The task: Word for word, retype the lines from the one containing "Little Junior QCPR, 4er" to the one containing "グッチ GUCCI GGキャンバス トートバッグ ベージュ WS12354" below, keeping both end lines and dropping the pictures.

Records shown:
Start of Block

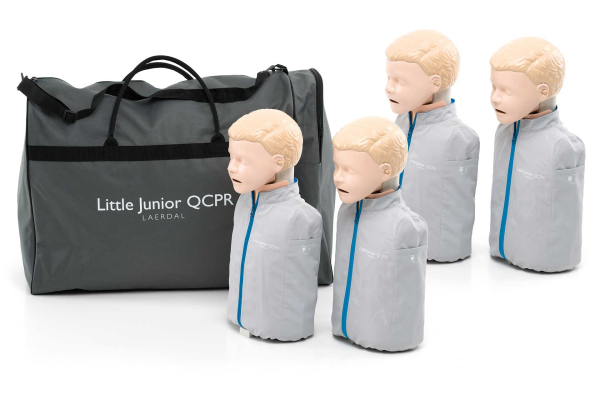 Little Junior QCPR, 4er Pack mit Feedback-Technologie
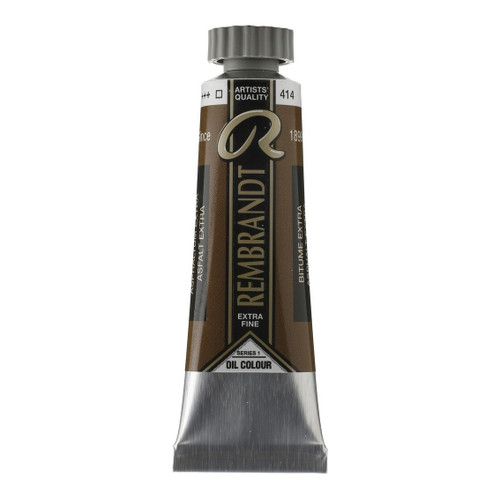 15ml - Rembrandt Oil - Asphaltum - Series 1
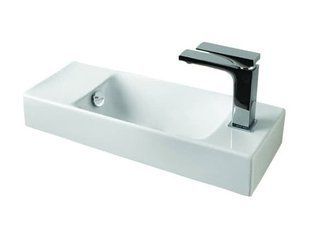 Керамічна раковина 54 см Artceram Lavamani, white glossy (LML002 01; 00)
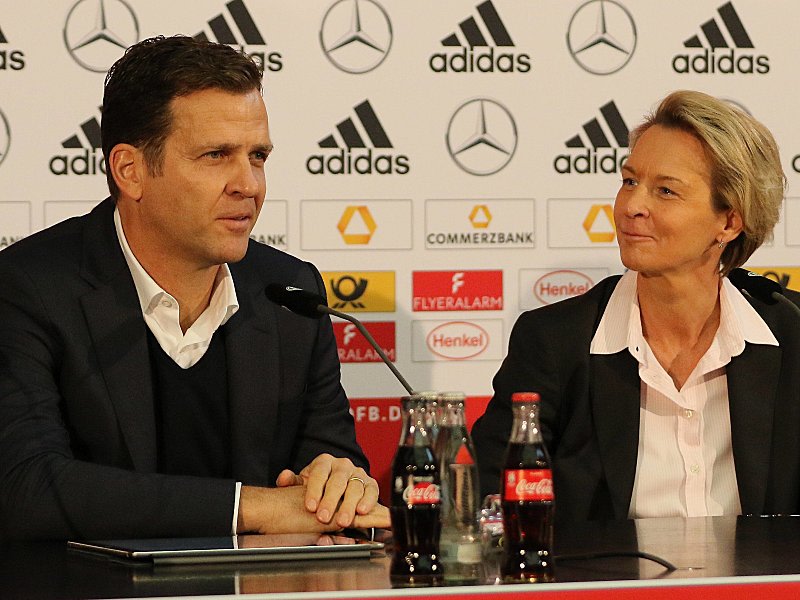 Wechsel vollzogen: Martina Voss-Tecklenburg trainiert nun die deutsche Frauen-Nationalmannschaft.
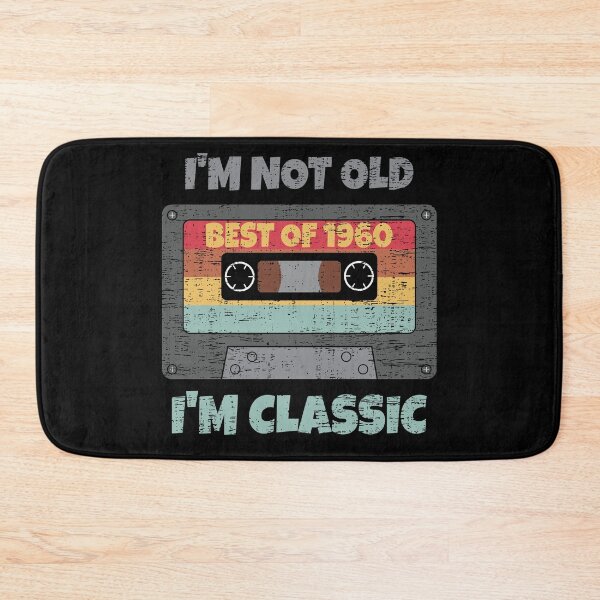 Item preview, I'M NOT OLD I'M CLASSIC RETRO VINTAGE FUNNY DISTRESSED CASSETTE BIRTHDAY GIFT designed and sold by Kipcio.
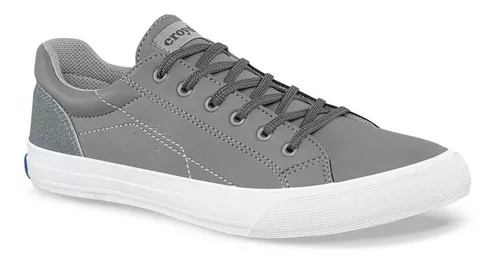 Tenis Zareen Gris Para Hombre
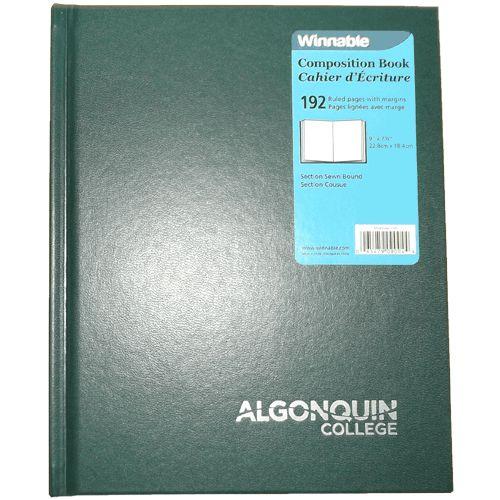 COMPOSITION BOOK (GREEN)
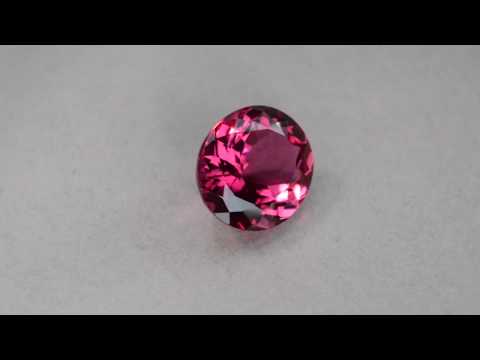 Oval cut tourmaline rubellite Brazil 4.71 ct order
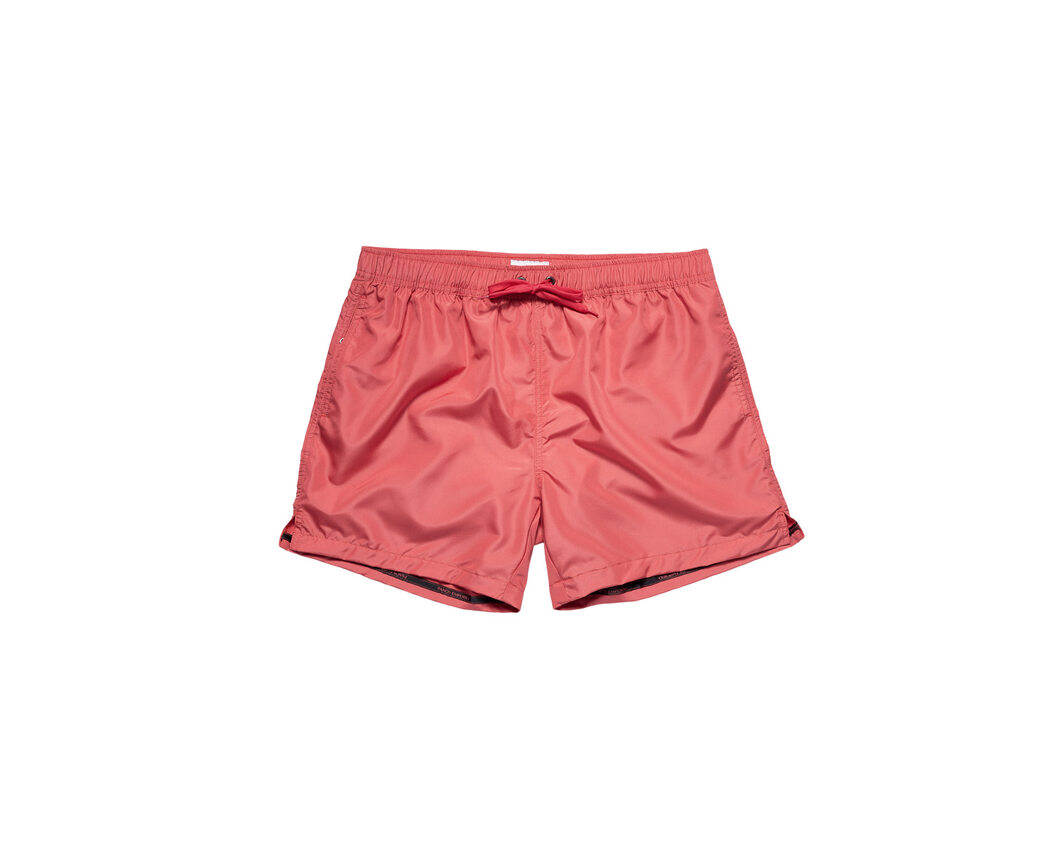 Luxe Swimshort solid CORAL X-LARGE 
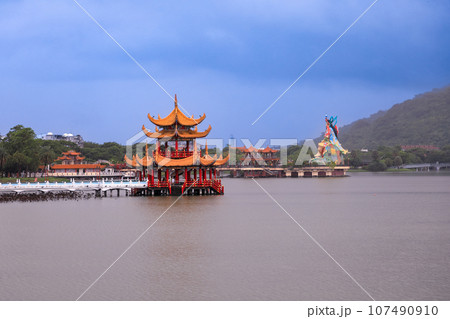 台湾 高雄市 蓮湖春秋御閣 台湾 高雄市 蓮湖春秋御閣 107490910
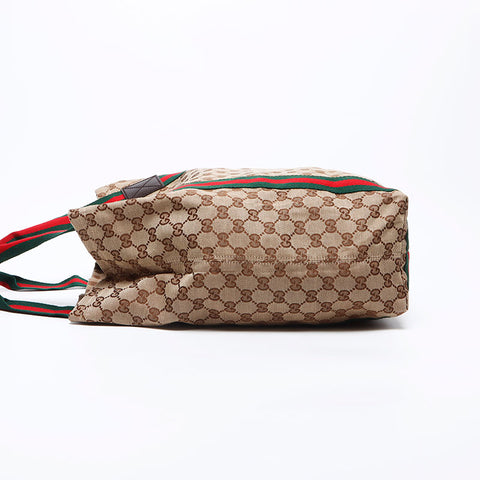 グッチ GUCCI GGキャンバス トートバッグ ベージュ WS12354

End of Block
Start of Block

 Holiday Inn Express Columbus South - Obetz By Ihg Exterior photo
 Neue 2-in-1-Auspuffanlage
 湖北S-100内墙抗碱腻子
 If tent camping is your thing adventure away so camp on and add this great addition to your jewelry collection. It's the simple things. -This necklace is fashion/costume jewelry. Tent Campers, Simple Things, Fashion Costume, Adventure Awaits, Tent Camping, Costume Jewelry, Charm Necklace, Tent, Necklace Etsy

End of Block
Start of Block

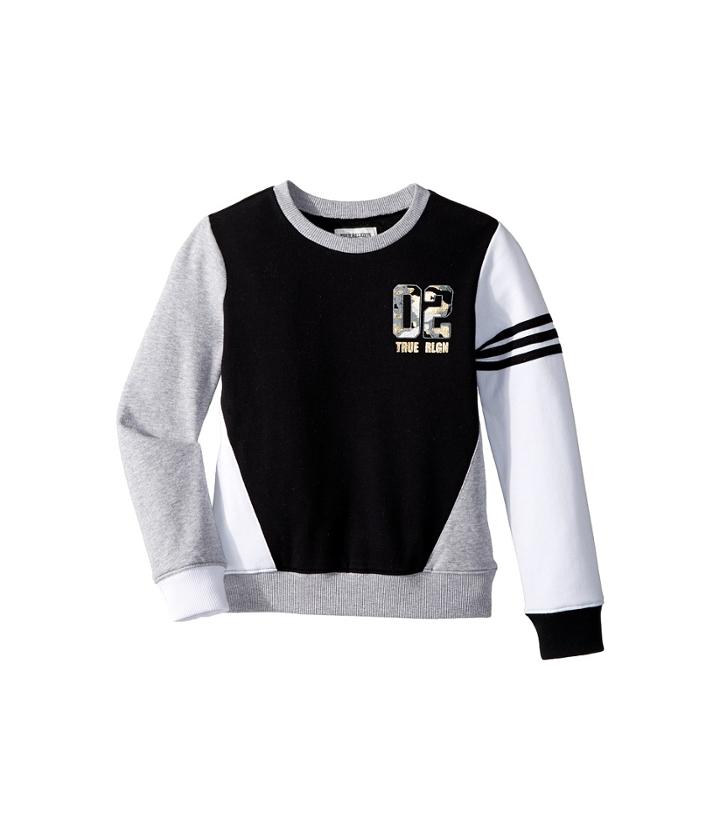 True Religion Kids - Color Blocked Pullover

End of Block

Solution for this problem:
 Little Junior QCPR, 4er Pack mit Feedback-Technologie
 15ml - Rembrandt Oil - Asphaltum - Series 1
 Керамічна раковина 54 см Artceram Lavamani, white glossy (LML002 01; 00)
 Wechsel vollzogen: Martina Voss-Tecklenburg trainiert nun die deutsche Frauen-Nationalmannschaft.
 Item preview, I'M NOT OLD I'M CLASSIC RETRO VINTAGE FUNNY DISTRESSED CASSETTE BIRTHDAY GIFT designed and sold by Kipcio.
 Tenis Zareen Gris Para Hombre
 COMPOSITION BOOK (GREEN)
 Oval cut tourmaline rubellite Brazil 4.71 ct order
 Luxe Swimshort solid CORAL X-LARGE 
 台湾 高雄市 蓮湖春秋御閣 台湾 高雄市 蓮湖春秋御閣 107490910
 グッチ GUCCI GGキャンバス トートバッグ ベージュ WS12354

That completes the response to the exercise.